Judge slams State for tardiness in sentence review

BEFORE deciding on the release of convicted teen killer Leroy Andrews, the office of the DPP is seeking the advice of Sir Godfray Le Quesne QC, the State attorney who argued the appeal of convicted murderer Charles Matthew before the Privy Council. Addressing Justice Anthony Carmona in the Port-of-Spain Fifth Criminal Court yesterday, State attorney George Busby said the State appreciated the “anxiety” surrounding the Andrews matter, but, since it was linked to other matters, the opinion of “counsel” was needed.

Andrews, 30, was found guilty of the murder of Marion Narinesingh in Lopinot and was sentenced at the President’s pleasure by Justice Lennox Deyalsingh on June 29, 1993 since he was a minor at the time and could not be given the death penalty. Andrews’ attorneys Gerald Ramdeen and Mark Seepersad had, on February 2, 2004, filed a motion that under the Children’s Act, their client’s detention was unconstitutional because it contradicted the rule of separation of powers. Andrews should have been detained at the Court’s pleasure, the attorneys said. Madame Justice Mira Dean Amorer had upheld Andrews’ motion and ordered he be detained at the Court’s pleasure with periodical reviews. The State had then agreed to a consent order.

However, when the matter was called before Carmona on December 2, the State requested that the consent order be re-opened by Justice Dean Amorer in light of the Privy Council judgment in Matthew’s case — the Privy Council had ruled there was no contradiction of separation of powers in having the Mercy Committee, instead of the Judiciary, evaluate the sentences of persons on Death Row. The separation of powers principle is the same principle the State intends to argue in its attempt to re-open Dean Amorer’s ruling. Meanwhile, when a similar matter involving another convicted teen killer, Otis Melville, came up before Madame Justice Paula Mae Weekes in the city’s Second Criminal Court yesterday, the State, represented by attorney Cheron Raphael, requested an adjournment because it was not ready to proceed. 

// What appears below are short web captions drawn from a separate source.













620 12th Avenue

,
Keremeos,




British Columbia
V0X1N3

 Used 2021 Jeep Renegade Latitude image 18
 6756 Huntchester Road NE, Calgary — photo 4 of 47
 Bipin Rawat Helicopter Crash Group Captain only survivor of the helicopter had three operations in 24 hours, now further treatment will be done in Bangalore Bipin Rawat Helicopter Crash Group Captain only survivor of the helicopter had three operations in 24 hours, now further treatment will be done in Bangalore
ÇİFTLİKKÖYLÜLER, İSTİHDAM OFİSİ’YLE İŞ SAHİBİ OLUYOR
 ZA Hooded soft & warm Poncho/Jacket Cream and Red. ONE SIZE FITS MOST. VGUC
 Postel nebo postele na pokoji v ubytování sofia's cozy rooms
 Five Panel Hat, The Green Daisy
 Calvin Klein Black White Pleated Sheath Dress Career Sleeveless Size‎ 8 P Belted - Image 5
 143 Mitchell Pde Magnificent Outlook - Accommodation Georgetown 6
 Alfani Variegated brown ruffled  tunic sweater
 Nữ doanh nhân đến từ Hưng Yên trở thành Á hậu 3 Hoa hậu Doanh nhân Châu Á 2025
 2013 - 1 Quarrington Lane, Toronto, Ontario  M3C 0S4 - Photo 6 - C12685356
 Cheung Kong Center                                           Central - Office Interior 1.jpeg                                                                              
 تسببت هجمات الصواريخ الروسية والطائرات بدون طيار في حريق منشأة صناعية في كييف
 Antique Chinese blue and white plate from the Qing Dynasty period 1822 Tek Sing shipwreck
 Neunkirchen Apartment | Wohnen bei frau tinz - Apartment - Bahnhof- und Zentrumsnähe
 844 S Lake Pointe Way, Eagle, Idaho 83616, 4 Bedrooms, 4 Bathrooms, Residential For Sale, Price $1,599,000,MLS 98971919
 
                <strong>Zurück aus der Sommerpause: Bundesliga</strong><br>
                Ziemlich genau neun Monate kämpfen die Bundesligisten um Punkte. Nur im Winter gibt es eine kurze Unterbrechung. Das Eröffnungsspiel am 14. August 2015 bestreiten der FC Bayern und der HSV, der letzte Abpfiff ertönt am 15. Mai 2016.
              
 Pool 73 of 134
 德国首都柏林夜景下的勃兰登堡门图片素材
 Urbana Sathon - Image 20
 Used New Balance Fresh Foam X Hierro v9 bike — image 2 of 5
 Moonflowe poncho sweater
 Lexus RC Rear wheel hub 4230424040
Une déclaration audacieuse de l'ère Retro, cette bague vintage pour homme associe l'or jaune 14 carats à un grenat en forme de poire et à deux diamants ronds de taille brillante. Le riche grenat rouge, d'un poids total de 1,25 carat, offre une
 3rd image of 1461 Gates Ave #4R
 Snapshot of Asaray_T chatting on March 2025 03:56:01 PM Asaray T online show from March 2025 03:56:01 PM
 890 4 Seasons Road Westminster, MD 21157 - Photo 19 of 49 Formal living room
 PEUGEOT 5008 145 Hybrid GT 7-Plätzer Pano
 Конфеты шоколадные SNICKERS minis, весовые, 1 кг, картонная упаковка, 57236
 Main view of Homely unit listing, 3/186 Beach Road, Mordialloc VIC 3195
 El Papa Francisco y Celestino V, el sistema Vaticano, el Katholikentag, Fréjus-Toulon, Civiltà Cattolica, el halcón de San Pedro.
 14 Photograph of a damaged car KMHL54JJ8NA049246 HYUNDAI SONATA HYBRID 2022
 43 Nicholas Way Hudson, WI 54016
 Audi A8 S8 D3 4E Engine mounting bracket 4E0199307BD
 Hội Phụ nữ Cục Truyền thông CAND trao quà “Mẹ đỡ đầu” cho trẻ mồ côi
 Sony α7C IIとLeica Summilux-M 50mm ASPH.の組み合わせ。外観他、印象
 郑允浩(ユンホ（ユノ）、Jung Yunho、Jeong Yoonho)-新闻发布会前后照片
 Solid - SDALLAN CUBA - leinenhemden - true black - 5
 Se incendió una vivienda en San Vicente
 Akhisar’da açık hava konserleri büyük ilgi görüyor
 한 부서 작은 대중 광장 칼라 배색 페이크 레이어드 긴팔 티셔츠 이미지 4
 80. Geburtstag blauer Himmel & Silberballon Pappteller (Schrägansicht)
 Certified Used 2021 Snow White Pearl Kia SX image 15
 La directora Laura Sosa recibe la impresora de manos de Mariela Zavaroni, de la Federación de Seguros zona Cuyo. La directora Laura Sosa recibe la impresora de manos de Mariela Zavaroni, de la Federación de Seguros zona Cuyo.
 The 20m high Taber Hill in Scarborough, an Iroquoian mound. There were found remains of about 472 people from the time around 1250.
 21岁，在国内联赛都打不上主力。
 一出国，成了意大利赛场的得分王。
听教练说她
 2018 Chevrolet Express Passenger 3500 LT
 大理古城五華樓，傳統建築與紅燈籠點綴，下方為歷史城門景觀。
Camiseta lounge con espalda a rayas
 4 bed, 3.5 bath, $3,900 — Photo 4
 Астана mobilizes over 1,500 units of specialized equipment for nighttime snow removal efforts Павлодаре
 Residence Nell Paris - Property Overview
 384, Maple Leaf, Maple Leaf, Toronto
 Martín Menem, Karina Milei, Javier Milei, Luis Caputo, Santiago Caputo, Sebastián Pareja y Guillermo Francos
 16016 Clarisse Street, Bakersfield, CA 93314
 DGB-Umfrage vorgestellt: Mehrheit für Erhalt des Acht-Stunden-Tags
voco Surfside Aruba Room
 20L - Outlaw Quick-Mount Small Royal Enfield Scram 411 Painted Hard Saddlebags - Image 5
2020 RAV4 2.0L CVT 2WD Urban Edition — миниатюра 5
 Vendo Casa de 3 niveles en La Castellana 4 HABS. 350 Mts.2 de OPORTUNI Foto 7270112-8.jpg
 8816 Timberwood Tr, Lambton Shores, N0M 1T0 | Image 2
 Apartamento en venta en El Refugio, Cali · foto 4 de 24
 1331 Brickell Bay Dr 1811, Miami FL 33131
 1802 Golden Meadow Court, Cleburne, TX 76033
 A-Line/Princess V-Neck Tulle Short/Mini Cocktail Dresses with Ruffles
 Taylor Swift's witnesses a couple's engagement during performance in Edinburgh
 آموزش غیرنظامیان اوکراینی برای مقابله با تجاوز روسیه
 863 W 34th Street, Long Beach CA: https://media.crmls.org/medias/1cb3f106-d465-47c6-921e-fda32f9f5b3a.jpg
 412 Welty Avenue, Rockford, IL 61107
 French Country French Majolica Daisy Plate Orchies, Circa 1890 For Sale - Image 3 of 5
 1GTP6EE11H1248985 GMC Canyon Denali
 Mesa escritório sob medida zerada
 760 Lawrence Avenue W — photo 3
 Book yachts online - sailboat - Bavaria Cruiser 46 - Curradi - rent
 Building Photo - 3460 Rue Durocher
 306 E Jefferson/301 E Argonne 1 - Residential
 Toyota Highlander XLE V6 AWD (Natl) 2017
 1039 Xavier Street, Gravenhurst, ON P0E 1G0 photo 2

Although the request was eventually granted, the State was severely reprimanded for its inability to make a decision on its position regarding the applicant’s sentence. According to Justice Weekes, at the hearing on October 24, State attorney Joy Balkaran had indicated that the DPP had no intention of resisting the release of the applicant. Now, the judge said, another DPP representative (Raphael) said she had no such instructions from the DPP. “The State can’t just take forever. It is amazing that up to now it cannot come to an agreement on the issue,” Weekes said. “It is unfair to the applicant to leave him hanging,” she concluded. Melville was convicted of the murder of another teenager, Lenny Beckles, who was fatally stabbed on January 13, 1993 at a basketball court in Morvant. Both Melville and Andrews will re-appear before Weekes and Carmona respectively on January 5, 2005.